All securities issued under the First Tranche, including securities issuable on exercise thereof, are subject to a hold period expiring June 24, 2024, in accordance with the rules and policies of the Exchange and applicable Canadian securities laws.

The First Tranche constituted a “related party transaction” as defined in Multilateral Instrument 61-101 – Protection of Minority Securityholders in Special Transactions (“MI 61-101”), as two related parties of the Company acquired an aggregate of 1,333,333 Units. Following the acquisition, JJ Wilson, Chair of the Board and a Director, holds 6,991,750 Common Shares or 7.85% of the Company and Dane Stevens, Chief Marketing Officer and a Director, holds 8,865,483 Common Shares or 9.95% of the Company. The Company is relying on the exemptions from the valuation and minority shareholder approval requirements of MI 61-101 contained in sections 5.5(a) and 5.7(1)(a) of MI 61-101, as the fair market value of the participation in the Offering by the insiders does not exceed 25% of the market capitalization of the Company, as determined in accordance with MI 61-101.

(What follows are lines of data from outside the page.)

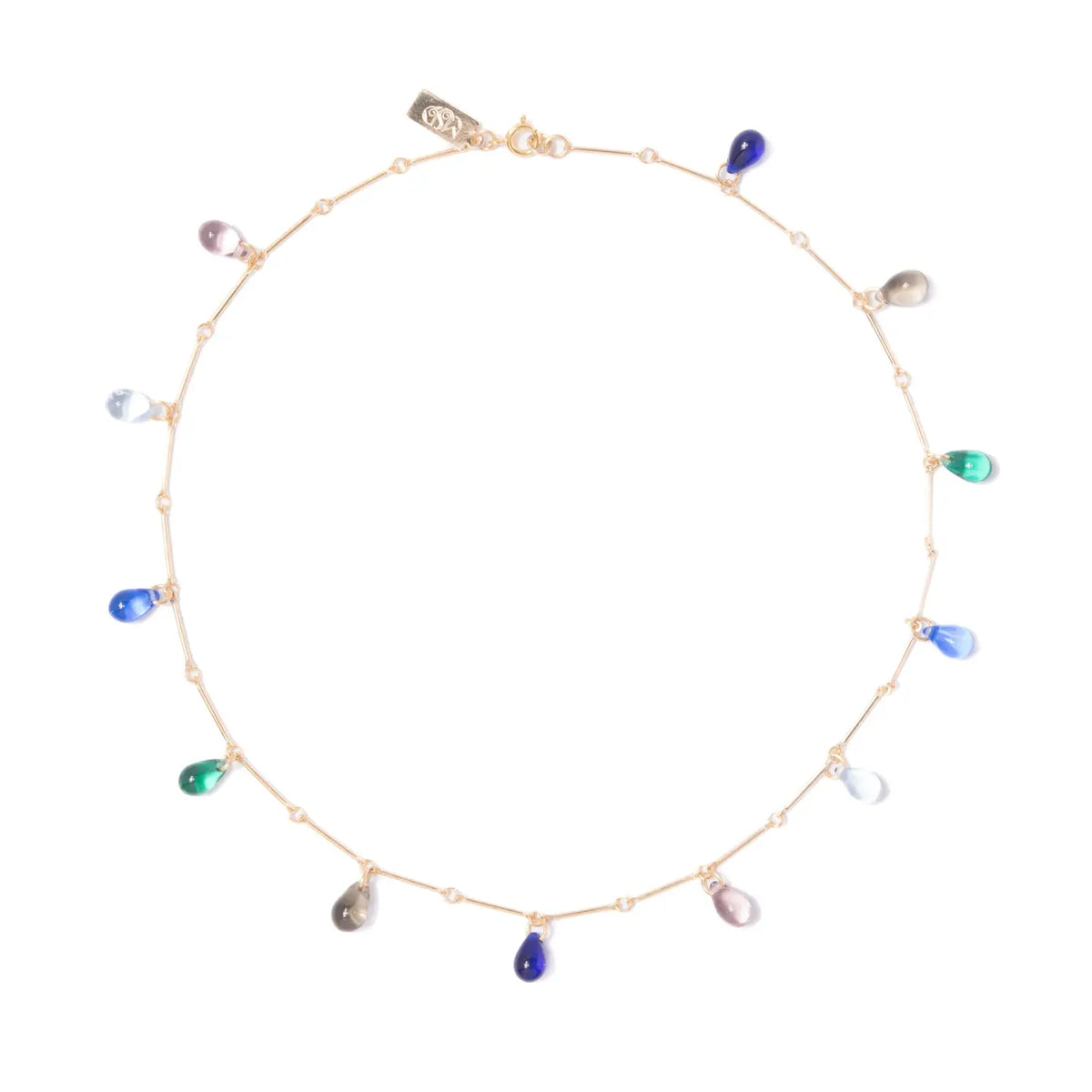 Multicolor Teardrop Fringe Necklace / Cool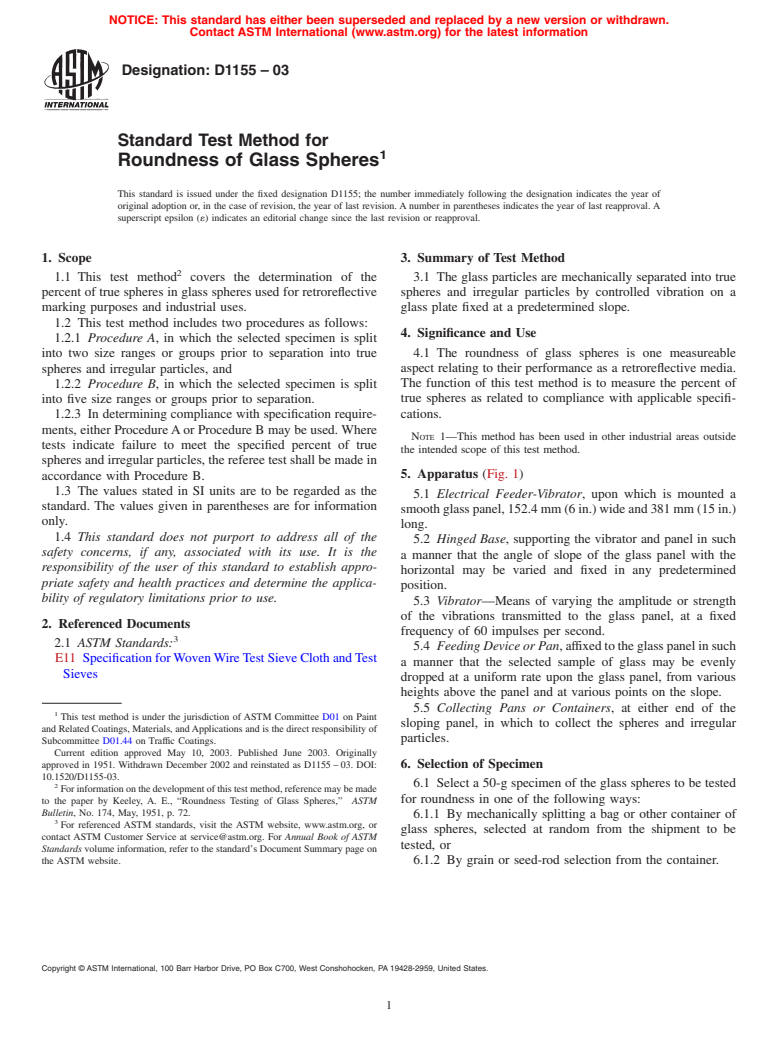 ASTM D1155-03 - Standard Test Method for Roundness of Glass Spheres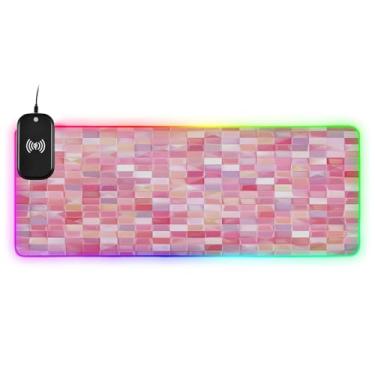 Imagem de CEBUGI Mouse pad de carregamento sem fio padrão xadrez 15W mouse pad rápido para jogos com 14 iluminação LED RGB para jogos, PC, laptop, mesa 80 x 30 cm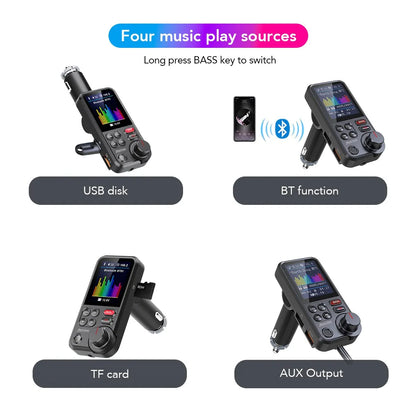 1.8" Wireless Bluetooth FM Transmitter with Quick Charge 3.0 and Superior Sound Quality
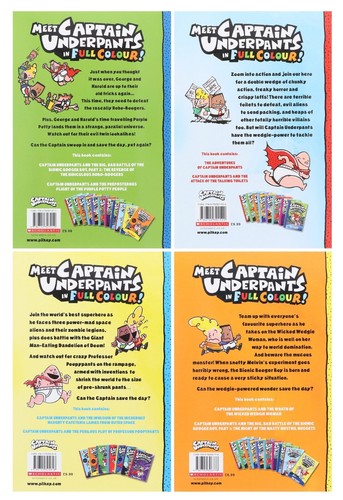 Captain Underpants Full Colour illustrated Series by Dav Pilkey:4 Books Set - PB - Picture 4 of 4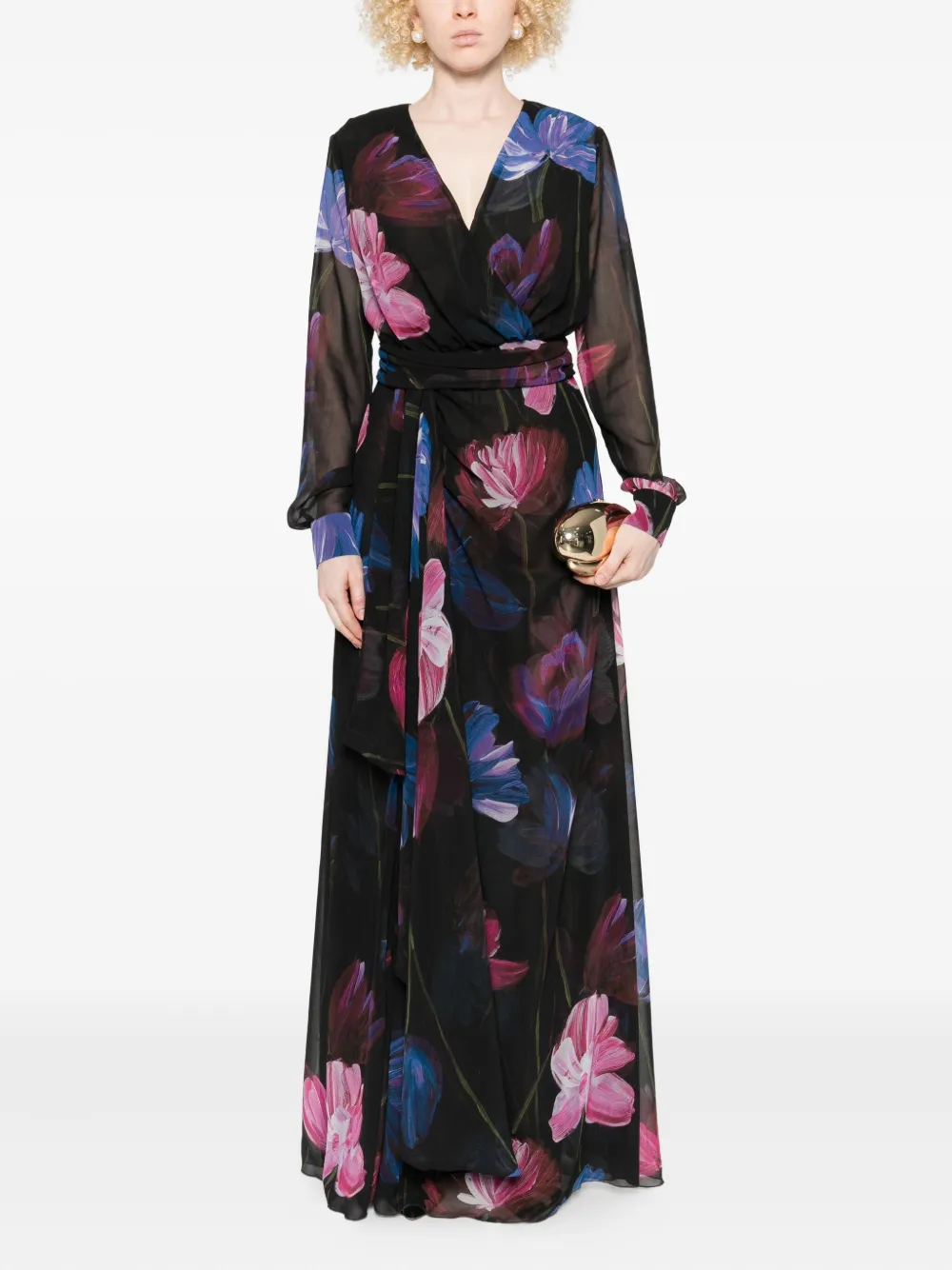 CHIARA BONI La Petite Robe floral-print ruffled maxi dress - Zwart
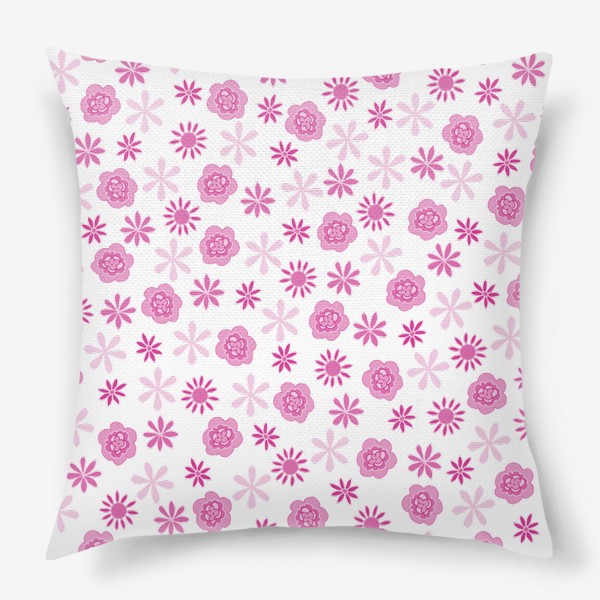 Подушка «Абстрактные розовые цветочки»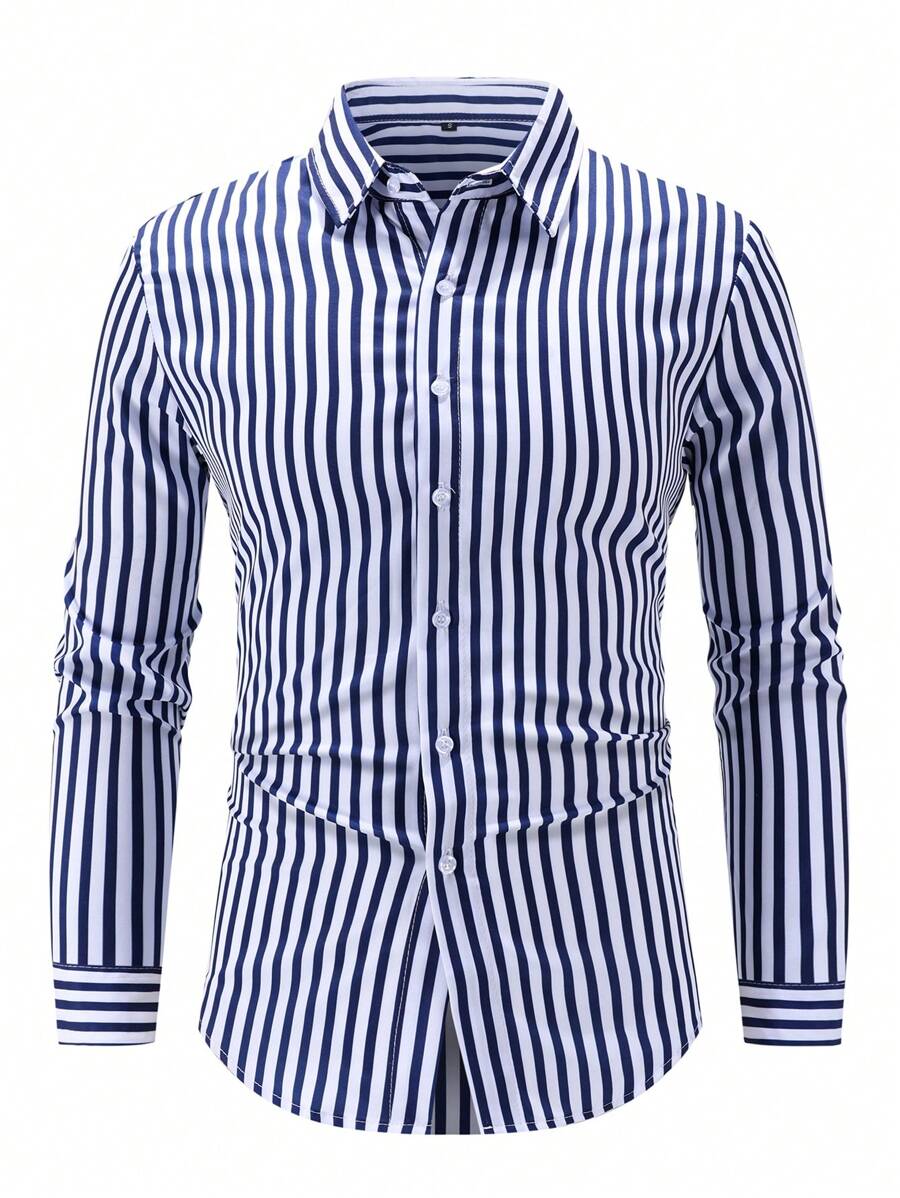 Men's Casual Striped Front Button Long Sleeve Simple Shirt, Fall - Blue - View 1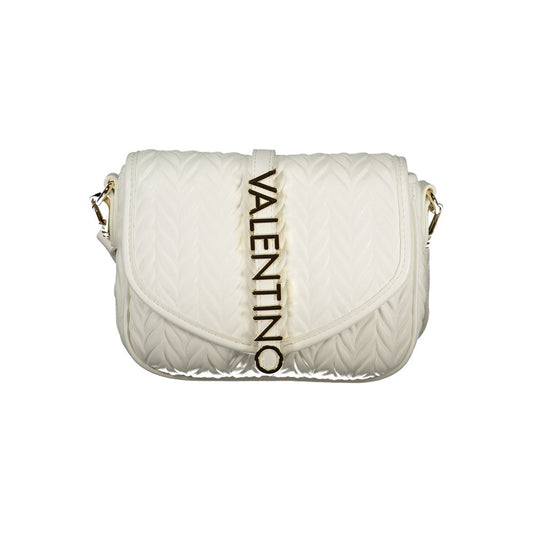 Mario Valentino White Leather-Finish Handbag with Contrast Details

In addition to the financing, the Company also announces that specific founders have agreed to a one-year voluntary lock-up period for their founder shares. The last portion of these shares was initially set to be released from escrow on February 23, 2024, marking 36 months from Optimi’s original listing date. Consequently, a total of 2,916,000 founder shares will remain voluntarily locked up. This additional commitment, along with the founders’ participation in the financing, emphasizes their dedication to commercializing the business and establishing sustainable markets for its products.